The Mantaro also contains coliform bacteria from untreated sewage and nitrates from agrochemicals.

And, an International Journal of Environment and Health semi-quantitative analysis of two algal samples from the Mantaro River taken few kilometres downstream from La Oroya determined that the river contained both organic-pollution tolerant and morphologically abnormal diatom, or microscopic algae.

In La Oroya, a central highland mining town dubbed “Slow Chernobyl” for the appalling environmental impact of contamination generated by the U.S.-run smelter, approximately 250,000 hectares of land have been burned bare of vegetation by acid rain.

Acid rain, which makes land less suitable for growing crops as it erodes away soils and nutrients in the ground, is a side effect of the sulfur dioxide being spewed from la Oroya’s smokestack. The smelter’s 1.5 tons of lead and 810 tons of sulfur dioxide daily emissions have been held responsible for widespread lung ailments and high numbers of premature deaths.

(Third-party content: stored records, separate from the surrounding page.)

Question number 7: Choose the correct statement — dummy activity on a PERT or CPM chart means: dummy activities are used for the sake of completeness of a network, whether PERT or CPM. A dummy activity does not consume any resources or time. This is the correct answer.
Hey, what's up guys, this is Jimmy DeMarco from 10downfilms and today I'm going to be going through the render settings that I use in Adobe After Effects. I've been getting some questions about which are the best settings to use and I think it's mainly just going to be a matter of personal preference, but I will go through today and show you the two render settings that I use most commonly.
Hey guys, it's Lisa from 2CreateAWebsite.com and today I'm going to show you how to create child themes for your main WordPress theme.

It is damaging our crops and polluting the air in the department of Junín, said Washington Mori, the Executive Secretary of the Environmental Dialogue Association of Junín.

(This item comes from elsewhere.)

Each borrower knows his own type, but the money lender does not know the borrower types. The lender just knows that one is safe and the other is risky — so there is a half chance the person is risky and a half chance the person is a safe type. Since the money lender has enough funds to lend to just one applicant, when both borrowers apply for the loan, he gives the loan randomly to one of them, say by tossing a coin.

According to Mori, sulfur dioxide, which among other things interferes with the process of photosynthesis, stays in atmosphere for five days before it pours down as acid rain.

On October 1, Doe Run Peru inaugurated a $50 million plant to treat sulfur dioxide emissions from its La Oroya poly-metallic smelter and refinery complex. The plant was constructed under the Peruvian government’s Environmental Suitableness and Management Program, or PAMA.

In 1997, soon after Peru passed its first national environmental laws, Doe Run, a subsidiary of the Renco Group owned by Ira Rennart, was privatized and acquired by the Missouri-based Doe Run for $125 million, plus $120 million in upgrades. At that time, the environmental damage in La Oroya was so severe that Rio Tinto, a large British mining company, decided it was not worth buying.

As part of the purchase agreement, Doe Run agreed to comply with a 10-year environmental cleanup plan.

But in August, the health and environmental crisis in La Oroya reached a new stage when record-breaking levels of sulfur dioxide were detected.

The sulfur dioxide levels rose from the former record benchmark of 22,000 parts per cubic meter registered by the El Sindicato monitoring station on Aug. 4 and 17,000 parts on July 21, according to the Peruvian environmental Web page Eco Portal.Net.

Peruvian law stipulates sulfur dioxide levels within a set legal limit of 364 micrograms or less per cubic meter of air.

Sulfur dioxide emissions from the U.S.-run Doe Run smelter sometimes reach 10 times the amount considered acceptable by the WHO, and the annual mean concentration exceeds this level by a factor of two or three.